What the task requires => Include in the output the line containing "Peugeot 208 automata" and each subsequent line of the records, through the end, transcribed exactly. Add nothing else.
┌────────
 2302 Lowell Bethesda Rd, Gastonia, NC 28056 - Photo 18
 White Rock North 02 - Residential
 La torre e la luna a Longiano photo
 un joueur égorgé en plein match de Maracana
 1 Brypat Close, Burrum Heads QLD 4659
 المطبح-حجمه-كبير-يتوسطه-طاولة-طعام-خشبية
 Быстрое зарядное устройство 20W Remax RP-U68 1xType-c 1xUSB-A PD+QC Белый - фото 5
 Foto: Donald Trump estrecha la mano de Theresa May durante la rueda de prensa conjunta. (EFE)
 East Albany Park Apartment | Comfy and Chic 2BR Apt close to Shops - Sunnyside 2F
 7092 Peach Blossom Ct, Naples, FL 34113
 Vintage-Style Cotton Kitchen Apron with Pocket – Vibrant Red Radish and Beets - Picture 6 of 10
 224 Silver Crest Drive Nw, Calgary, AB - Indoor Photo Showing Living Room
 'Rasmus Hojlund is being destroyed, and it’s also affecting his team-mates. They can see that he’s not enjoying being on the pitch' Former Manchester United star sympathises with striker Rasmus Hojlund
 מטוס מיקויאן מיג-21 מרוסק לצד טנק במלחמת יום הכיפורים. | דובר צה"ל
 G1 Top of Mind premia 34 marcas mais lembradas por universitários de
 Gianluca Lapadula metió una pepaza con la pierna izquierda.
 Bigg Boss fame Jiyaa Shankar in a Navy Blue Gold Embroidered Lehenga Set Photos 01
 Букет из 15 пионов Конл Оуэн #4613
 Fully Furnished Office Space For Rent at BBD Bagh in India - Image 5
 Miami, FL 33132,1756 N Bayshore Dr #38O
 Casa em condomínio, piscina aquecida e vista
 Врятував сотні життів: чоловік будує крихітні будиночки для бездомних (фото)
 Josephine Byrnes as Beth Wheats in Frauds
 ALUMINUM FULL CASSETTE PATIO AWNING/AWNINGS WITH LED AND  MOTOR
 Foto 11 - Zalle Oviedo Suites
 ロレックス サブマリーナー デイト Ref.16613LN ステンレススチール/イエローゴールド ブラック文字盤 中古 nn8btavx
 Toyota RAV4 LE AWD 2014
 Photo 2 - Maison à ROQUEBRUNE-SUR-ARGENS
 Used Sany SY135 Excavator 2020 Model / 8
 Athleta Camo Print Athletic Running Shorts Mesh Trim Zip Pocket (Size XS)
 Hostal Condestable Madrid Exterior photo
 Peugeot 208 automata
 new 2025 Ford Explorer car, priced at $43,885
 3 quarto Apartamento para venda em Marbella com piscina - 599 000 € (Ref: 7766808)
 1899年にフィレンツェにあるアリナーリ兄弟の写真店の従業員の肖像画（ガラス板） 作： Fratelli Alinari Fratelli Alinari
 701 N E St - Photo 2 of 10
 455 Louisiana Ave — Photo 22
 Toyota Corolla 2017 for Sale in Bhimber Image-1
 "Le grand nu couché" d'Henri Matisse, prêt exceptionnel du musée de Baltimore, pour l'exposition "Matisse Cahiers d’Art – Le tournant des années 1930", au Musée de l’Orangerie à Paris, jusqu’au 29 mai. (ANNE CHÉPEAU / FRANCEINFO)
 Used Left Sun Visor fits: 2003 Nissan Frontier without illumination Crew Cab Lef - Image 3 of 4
└────────
Exercise response =>
 Peugeot 208 automata
 new 2025 Ford Explorer car, priced at $43,885
 3 quarto Apartamento para venda em Marbella com piscina - 599 000 € (Ref: 7766808)
 1899年にフィレンツェにあるアリナーリ兄弟の写真店の従業員の肖像画（ガラス板） 作： Fratelli Alinari Fratelli Alinari
 701 N E St - Photo 2 of 10
 455 Louisiana Ave — Photo 22
 Toyota Corolla 2017 for Sale in Bhimber Image-1
 "Le grand nu couché" d'Henri Matisse, prêt exceptionnel du musée de Baltimore, pour l'exposition "Matisse Cahiers d’Art – Le tournant des années 1930", au Musée de l’Orangerie à Paris, jusqu’au 29 mai. (ANNE CHÉPEAU / FRANCEINFO)
 Used Left Sun Visor fits: 2003 Nissan Frontier without illumination Crew Cab Lef - Image 3 of 4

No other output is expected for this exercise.